Maryellen Reilly, the school’s deputy vice dean for admissions, financial aid and career management, is particularly bullish about the 2018 Class. “Looking around a classroom, we want incoming students to be able to identify with their peers, feel a sense of ‘home,’ but also see new faces that reflect an array of experiences and backgrounds,” she explains. “The Class of 2018 really embodies this sense of diversity and inclusivity — they come from so many places, occupations, and circumstances, while also bringing a spirit of openness, curiosity, and purposefulness.”

FORMER GATES FOUNDATION STAFFER HELPS REVAMP A $5.5 BILLION DOLLAR PROGRAM

This class has experience aplenty. Konadu Perbi, for one, speaks three languages and has visited 15 countries on five continents. She could swap plenty of stories with Tala Al Jabri, who comes from Saudi, Canadian, Palestinian, and Syrian descent and has “lived and worked in nine countries on three continents.” Saumya Jain, who loves to sing and backpack, founded a non-profit school for underprivileged children in India when she was just 22. Education has also been vital for Saborio, who went from not knowing English when he started school to earning a degree from Princeton University. Wynne Evans caught the startup bug at 12, eventually building a beaded necklace and eyeglass chain empire by high school. “Sadly, college classes, varsity rowing, and then a more traditional career have kept my business to a smaller scale ever since,” she sighs. Whatever you do, don’t play chess with Steigman for money. He was a Master at age 13, faster than even Bobby Fischer.

Wharton Deputy Vice Dean of Admissions Maryellen Reilly

Wharton Deputy Vice Dean of Admissions Maryellen Reilly

The incoming class is also as accomplished as it is diverse. Al Jabri previously headed up government affairs and strategy for Dow Chemical in Saudi Arabia, where she was the youngest (and only) woman to work in this capacity. The Harvard-trained Calcev, a former White House intern and associate at both Goldman Sachs and BCG, considers her most rewarding accomplishment to be “leading WHO, UNICEF, and CDC experts to revamp the $5.5B Global Polio Eradication Initiative.”

That’s just the tip of the iceberg. At one time, Steigman ran a startup, Soletron, that ranked among the top 99.7% of websites in terms of traffic. In the process, he built a board that included a “former CEO of Adobe, the co-founder of AND1 Basketball (a Wharton Alumni), a prominent hedge fund owner, a founder of a private equity fund, a successful entrepreneur and board member of Blackberry, and a professional football player and Super Bowl MVP.” Equally impressive, Konadu Perbi founded AfroChic, Ghana’s first successful online clothing retailer through social media marketing — despite limited internet access in her native Ghana.

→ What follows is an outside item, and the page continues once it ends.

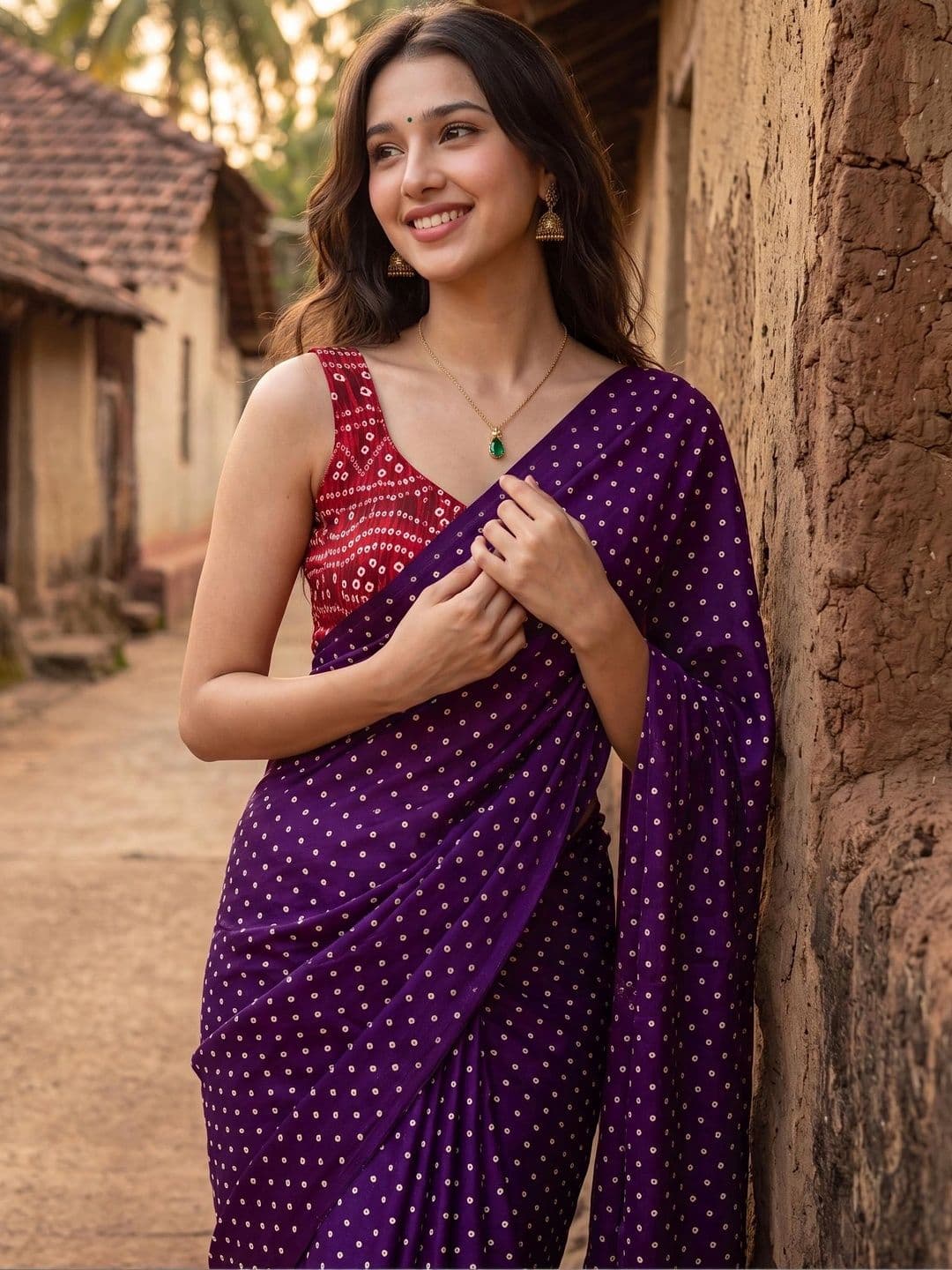 Looootnest Bandhani Pure Georgette Saree thumbnail 2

APPLICATIONS UP AS GMATs SLIP

By the numbers, it was a banner recruiting year for Wharton. The school received 6,679 applications for the full-time Class of 2018, the most since 2011-2012. That said, the enrollment, 851 students, was down by 10 from the previous year.

Academically, the mean GMAT was 730, slightly down from the 732 high water mark for the Class of 2017, with scores ranging from 700-700 in the 80% range. Wharton also posted the highest percentage of women in its history, with females constituting 44% of the class. That number beat out Harvard (43%), Yale (43%), Booth (42%), Northwestern (41%), and Stanford (41%) for high honors among the top business schools. Wharton’s percentage of international students held steady at 32%, with the percentage of U.S. students of color experiencing an uptick from 30% to 32%.

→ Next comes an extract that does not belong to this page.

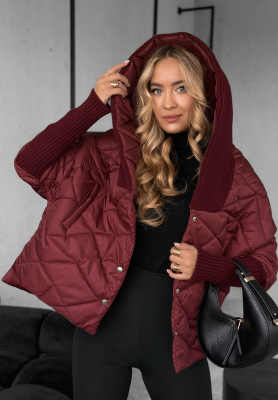 Bunda oversize s kapucňou Sancha bordová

Despite Wharton’s quant reputation, the program is actually a bastion for the liberal arts. 46% of the incoming class holds undergraduate degrees in the humanities, up from 42% last year. STEM (28%) and business (26%) account for the rest of the class. Like previous years, the largest proportion of the class hails from consulting at 23% (the same percentage as last year). Private equity (13%), government, non-profit, and the military (12%), investment banking (11%), and technology (9%) also make up sizable chunks of the class.